Yep.. Agree'd with above. At least a Red Secondary. Maybe a Primary spring too.


----------



## bayou_boy_22 (Mar 13, 2009)

yes sir. the springs are like 20 bucks plus shipping from EPI.


----------



## Metal Man (Dec 17, 2008)

Yep keep the stock weights. Just buy the springs form EPI.


----------



## jbadon (Sep 21, 2009)

sweet i knew this forum would save me $$$ LOL so maroon primary red secondary?


----------



## Bootlegger (Dec 18, 2008)

Yes...NO kit. If you get a Red secondary....you will need atleast a maroon primary. I would suggest the almond primary if it was mine.


----------



## walker (Apr 5, 2009)

not to hijack your thread badon i just got threw puttin a almond primary and lime green secondary and the beast is alive man i've been missing out..


----------



## Bootlegger (Dec 18, 2008)

walker said:


> not to hijack your thread badon i just got threw puttin a almond primary and lime green secondary and the beast is alive man i've been missing out..


Yep...that Almond primary is nice and it don't have a lot of stall either. It will surprise most.


----------



## Jack (Mar 30, 2009)

The almond primary is the way to go. AFTW. Lol


----------



## jbadon (Sep 21, 2009)

sweet i will order a red ,maroon, almond and a lime green and see wich one i like better, like i said i dont want to go 60 mph just wheelie popin torq:drive:


----------



## walker (Apr 5, 2009)

i'm the same way i've found anything over 25 my adult beverage starts sloshing and can't have that...


----------



## jbadon (Sep 21, 2009)

:309149:AGREED


----------



## Bootlegger (Dec 18, 2008)

jbadon said:


> sweet i will order a red ,maroon, almond and a lime green and see wich one i like better, like i said i dont want to go 60 mph just wheelie popin torq:drive:


If you want that you need a Red secondary and almond primary....don't waste your money on a lime green with 30 Silverbacks.
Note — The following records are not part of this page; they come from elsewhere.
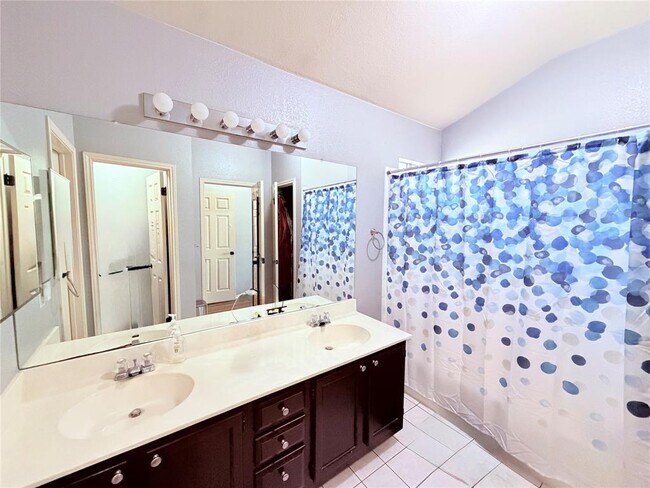 Building Photo - 2805 Feathercrest Dr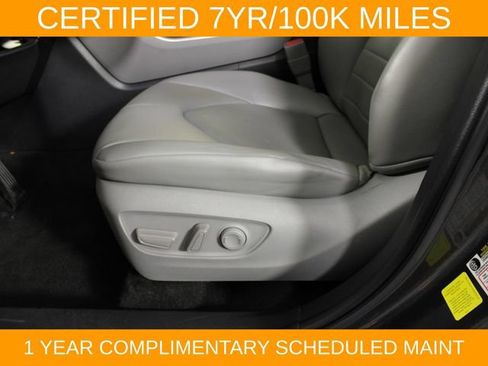 Used 2023 Toyota Highlander XLE FWD image 17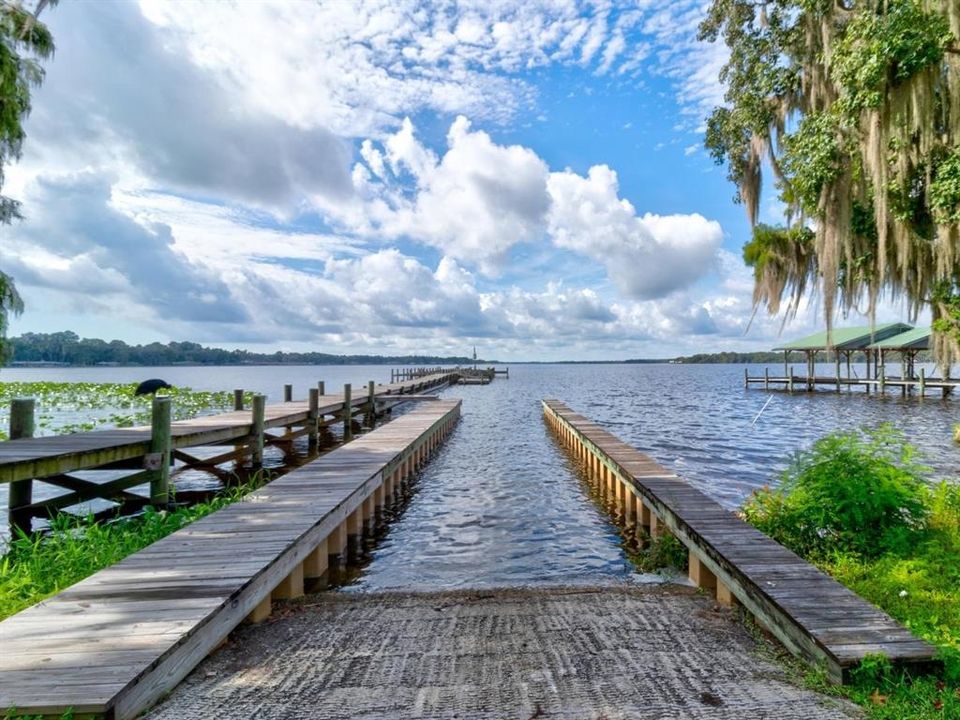 Private Community Boat Ramp on St. Johns River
Thats what I run with 28 silverbacks


----------



## jbadon (Sep 21, 2009)

OK THANKS EVERYONE FOR THE INFO REALLY HELPFULL THANKS:mimbrules:


----------



## jbadon (Sep 21, 2009)

just ordered them springs and tools i will post the out come


----------



## MeanGreen198 (Apr 28, 2009)

I have the maroon primary, thinkin i'm liking what y'all are sayin about the almond. is there a noticable difference?


----------



## southtexas brute (Sep 30, 2009)

im planing on 29.5 SOON, so red secondary and almond sound like the right set up???...i guess im going to need the EPI spring removal tool, or could i do with out??


----------



## Jack (Mar 30, 2009)

MeanGreen198 said:


> I have the maroon primary, thinkin i'm liking what y'all are sayin about the almond. is there a noticable difference?


I've never tried the maroon to compare with but with the almond there is just enough stall there to get the rpm's up enough that it just takes off with my 29.5's. The stall is hardly noticeable but it turns my tires like they are stock.


----------



## jbadon (Sep 21, 2009)

i ordered doth the tools one is 30$ and the other is like 80$ kinda expensive but im sure i will use them more than once


----------



## hondarecoveryman (Feb 28, 2009)

the $80 tool could have been built for about $20 .....but you will have the fancy one:haha:


----------



## Jack (Mar 30, 2009)

Best thing I can tell you is try different ones until you find the one that you like the best. What works for me might not work for someone else but I am very pleased with the almond primary.


----------



## jctgumby (Apr 23, 2009)

I know I have put this in 3 or 4 other threads but I figure I will go ahead and put it in here too...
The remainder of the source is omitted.